As illustrated by the previous examples, `before* and
`after* are replaced by expressions of sort String.
Suppose now that we look for a word whose last letter is a
`o'. A possible Tom pattern is:
%match(t) {
concString(before*,'o') -> { ... }
}
Using this mechanism, it also becomes possible to look for a word which
contains an `e' somewhere and an `o' in last position:
%match(t) {
concString(before*,'e',_*,'o') -> { ... }
}
Note that some pattern could provide several outcomes:
%match(t) {
concString(before*,'l',after*) -> {
System.out.println("we have found " + `before* +
" before 'l' and " + `after* + " after");
}
}
It will match twice:
we have found he before 'l' and lo after
we have found hel before 'l' and o after
Let us suppose that we look for two consecutive `l' anywhere in
the matched expression. This could be expressed by:
%match(t) {
concString(_*,'l','l',_*) -> { ... }
}
Since this syntax is error prone when looking for long/complex
substrings, Tom provides an abbreviated notation: `ll':
%match(t) {
concString(_*,'ll',_*) -> { ... }
}
This notation is fully equivalent to the previous one.

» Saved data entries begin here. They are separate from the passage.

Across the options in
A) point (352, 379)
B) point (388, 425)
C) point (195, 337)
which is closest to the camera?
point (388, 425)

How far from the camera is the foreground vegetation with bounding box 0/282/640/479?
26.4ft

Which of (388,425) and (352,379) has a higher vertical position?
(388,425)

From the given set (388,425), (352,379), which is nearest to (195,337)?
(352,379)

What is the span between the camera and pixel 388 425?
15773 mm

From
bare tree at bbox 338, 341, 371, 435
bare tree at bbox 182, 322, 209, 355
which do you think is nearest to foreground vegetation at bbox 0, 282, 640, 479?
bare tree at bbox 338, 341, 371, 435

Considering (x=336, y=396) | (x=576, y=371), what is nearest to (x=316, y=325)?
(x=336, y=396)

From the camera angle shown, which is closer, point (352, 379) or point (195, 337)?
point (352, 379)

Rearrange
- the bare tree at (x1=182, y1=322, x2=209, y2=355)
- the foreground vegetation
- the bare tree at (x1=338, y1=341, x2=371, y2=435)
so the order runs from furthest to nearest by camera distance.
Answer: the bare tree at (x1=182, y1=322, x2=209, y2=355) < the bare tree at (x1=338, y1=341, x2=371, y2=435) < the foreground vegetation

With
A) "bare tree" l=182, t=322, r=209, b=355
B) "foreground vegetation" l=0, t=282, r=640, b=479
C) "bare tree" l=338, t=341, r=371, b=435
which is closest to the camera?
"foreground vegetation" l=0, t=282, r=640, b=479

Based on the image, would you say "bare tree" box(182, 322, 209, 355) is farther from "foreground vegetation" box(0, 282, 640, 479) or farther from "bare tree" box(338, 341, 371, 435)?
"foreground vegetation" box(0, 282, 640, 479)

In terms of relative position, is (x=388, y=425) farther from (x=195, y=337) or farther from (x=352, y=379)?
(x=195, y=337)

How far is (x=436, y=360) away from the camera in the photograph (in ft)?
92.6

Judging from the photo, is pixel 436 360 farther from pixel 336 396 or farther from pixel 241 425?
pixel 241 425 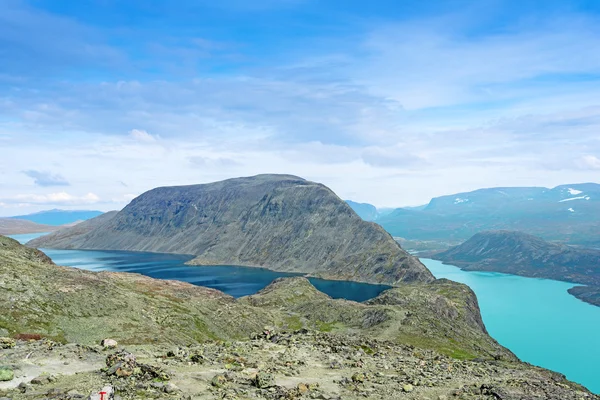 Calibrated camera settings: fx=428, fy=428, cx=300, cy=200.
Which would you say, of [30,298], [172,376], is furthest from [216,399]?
[30,298]

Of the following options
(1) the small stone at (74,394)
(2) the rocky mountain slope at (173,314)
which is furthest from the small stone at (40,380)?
(2) the rocky mountain slope at (173,314)

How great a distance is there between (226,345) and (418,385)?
69.5 ft

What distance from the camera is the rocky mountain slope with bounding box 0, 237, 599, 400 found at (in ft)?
101

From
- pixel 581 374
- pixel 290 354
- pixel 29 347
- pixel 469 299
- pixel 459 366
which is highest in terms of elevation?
pixel 29 347

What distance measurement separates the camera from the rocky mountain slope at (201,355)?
101ft

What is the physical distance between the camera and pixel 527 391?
39156mm

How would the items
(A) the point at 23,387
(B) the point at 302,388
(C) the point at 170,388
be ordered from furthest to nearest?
(B) the point at 302,388 < (C) the point at 170,388 < (A) the point at 23,387

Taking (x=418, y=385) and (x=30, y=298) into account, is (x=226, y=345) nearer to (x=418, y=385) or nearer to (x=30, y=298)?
(x=418, y=385)

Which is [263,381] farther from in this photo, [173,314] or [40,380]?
[173,314]

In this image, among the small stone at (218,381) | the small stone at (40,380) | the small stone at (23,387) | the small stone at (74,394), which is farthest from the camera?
the small stone at (218,381)

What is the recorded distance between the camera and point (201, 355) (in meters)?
40.1

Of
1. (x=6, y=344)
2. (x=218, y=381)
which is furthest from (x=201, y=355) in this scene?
(x=6, y=344)

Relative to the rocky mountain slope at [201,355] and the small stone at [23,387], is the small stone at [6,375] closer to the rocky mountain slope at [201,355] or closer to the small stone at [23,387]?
the rocky mountain slope at [201,355]

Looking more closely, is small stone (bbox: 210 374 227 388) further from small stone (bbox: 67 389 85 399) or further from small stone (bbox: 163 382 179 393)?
small stone (bbox: 67 389 85 399) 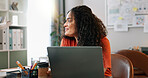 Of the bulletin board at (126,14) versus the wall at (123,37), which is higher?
the bulletin board at (126,14)

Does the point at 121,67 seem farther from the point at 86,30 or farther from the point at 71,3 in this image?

2.1.2 “Hello World” re-revisited
As illustrated previously, we can use variables to capture
contexts. In fact, this mechanism is more general and we can use a
variable anywhere to match something which is not statically know.
Thus, it is possible to use variable (without a star) to explicitly
say that a character should be there:
%match(t) {
concString(x,_*,'ll',_*,y) -> { ... }
}
This example matches the string t if this string contains two
consecutive `l' and at least two other characters. In this case,
the first letter of the string is stored in the variable `x'
(respectively the last letter in `y').
The variable `x' and `y' are local to the given pattern. Thus,
when considering several patterns in a same match construct, there is
no interference between patterns.
However, in a same pattern, we can use the same variable two times to
indicate to we want to match two identical elements. This feature is
known as non-linear matching:
%match(t) {
concString(x,_*,'ll',_*,y) -> { ... }
concString(x*,y*,y*,x*) -> { /* we have found a palindrome */ }
}
When looking for several instances of a same character, it may be
interesting to use a variable to describe this repetition:
%match(t) {
concString(_*,'a',_*,'a',_*,'a',_*) -> { /* look for 3 'a' in a string */ }
concString(_*,x@'a',_*,x,_*,x,_*) -> { /* look for 3 'a' in a string */ }
}
Here, the first `a' is bound to `x', and then, all remaining
occurrences of `x' are compared to this first instance. `x'
is an alias for `'a''.
Note:
in the previous section, we have said that (_*,'ll',_*) is
equivalent to (_*,'l','l',_*). This is still true, but the
reader should also note that (_*,x@'ab',_*) becomes (after
expansion) equivalent to (_*,x@'a',x@'b',_*), which can never
match any string.
2.2 Associative matching
As illustrated previously, Tom supports a generalized form of string
matching, called associative matching, also known as list
matching.
In Tom, some operators are special and do not have a fixed number of
arguments. This intuitively corresponds to the idea of list where elements are
stored in a given order.
A list of elements may be written (a,b,c) or [a,b,c]. In
Tom, it is written f(a(),b(),c()), where `f' is this special
operator. In some sense, `f' is the name of the list. This allows to
distinguish list of apples, from list of oranges for examples.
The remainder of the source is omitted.